Tuesday, October 30, 2007

How to treat currency schizophrenia?

I can never figure out currencies, because they're really complicated. The trouble is, the same stuff (money) is used for both spending and saving (or, if you like, investing). Based on money for spending, the dollar looks unreasonably weak. My daughter is spending a semester over in Paris, and it's costing a lot because you don't get so many Euros for your dollar anymore. You'd think that would correct itself: Americans stop buying European stuff, Europeans start buying American stuff, supply and demand shifts, dollar gets stronger. Trouble is, stuff is only a small part of the picture. Last time I looked, which was a while ago, the forex market turnover was about $2 trillion per day -- much more than you could explain just on people wanting to exchange stuff. For the rest of it, I guess, you have to look at the investing side: savers. And they don't care about how much stuff costs in one country or the other, they just go to the currencies with the highest interest rates, which is not the US right now, which is why the dollar is weak. Because of the hyperactivity of the securities markets, the saving/investing aspect of money overwhelms the stuff-buying aspect.

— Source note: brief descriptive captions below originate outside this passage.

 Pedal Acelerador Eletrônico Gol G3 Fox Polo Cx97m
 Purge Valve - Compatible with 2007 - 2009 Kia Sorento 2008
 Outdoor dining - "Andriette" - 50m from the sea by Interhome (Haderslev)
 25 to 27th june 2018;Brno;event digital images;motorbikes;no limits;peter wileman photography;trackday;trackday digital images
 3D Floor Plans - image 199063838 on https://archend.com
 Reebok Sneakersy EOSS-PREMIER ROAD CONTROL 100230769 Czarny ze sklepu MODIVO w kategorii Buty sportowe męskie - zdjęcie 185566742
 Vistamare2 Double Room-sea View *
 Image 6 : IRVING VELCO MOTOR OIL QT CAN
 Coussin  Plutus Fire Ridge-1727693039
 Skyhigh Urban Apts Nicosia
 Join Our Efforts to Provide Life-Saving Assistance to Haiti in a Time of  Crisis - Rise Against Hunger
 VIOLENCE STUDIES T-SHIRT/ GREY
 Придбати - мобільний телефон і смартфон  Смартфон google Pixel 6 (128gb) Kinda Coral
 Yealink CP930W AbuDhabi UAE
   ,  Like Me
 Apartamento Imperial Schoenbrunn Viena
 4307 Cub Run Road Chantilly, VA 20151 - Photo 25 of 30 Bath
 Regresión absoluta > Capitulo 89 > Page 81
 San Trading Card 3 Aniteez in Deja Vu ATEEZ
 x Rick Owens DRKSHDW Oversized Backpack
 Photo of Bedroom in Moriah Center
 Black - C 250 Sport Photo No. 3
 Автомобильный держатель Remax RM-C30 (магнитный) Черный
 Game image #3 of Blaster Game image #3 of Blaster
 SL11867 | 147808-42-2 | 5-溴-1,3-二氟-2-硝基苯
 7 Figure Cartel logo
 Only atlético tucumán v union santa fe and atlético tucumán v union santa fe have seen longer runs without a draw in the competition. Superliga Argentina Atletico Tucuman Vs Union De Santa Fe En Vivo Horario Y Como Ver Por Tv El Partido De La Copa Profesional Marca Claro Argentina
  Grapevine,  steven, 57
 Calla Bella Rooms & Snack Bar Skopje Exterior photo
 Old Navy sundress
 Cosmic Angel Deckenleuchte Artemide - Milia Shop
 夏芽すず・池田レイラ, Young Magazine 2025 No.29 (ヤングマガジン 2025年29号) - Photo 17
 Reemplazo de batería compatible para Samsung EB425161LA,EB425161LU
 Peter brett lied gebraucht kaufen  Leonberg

It's almost like you need two different forms of money.

I always think there must be an arbitrage here, to take advantage of the different dynamics of stuff-buying dollar and the investment-buying dollar. If there were, then I suppose it would be: buy stuff in the US and sell it overseas. Or look for companies that do this.

Friday, October 26, 2007

Not so strange

I think I get it now: bad economic news increases the danger of a recession, which hits the cyclical semiconductor stocks; it also increases the likelihood of an interest-rate cut, which lifts the more diversified S&P 500.

Tuesday, October 23, 2007

Strange divergence

It seems almost every time I look at my watchlist these days that the S&P 500 and the SOX (semiconductor) index move in opposite directions. Weird.

Tuesday, October 16, 2007

Shell Game Continued

So the banks are supplying money to back their SIVs. How is this supposed to help? Where are the banks getting the cash to do this, other than off their own balance sheets, which were exposed to the SIVs in the first place?

Well, the big three behind the deal are going to pull in other banks to help fund the backup pool. Banks that aren't worried about SIVs won't do it -- why should they? Only banks with problem SIVs will participate.

Maybe it's just a back door government bailout. The Treasury helped put the deal together. No doubt they will persuade the Fed to back it -- which is to say, the taxpayer.

Hiding the risk doesn't get rid of it.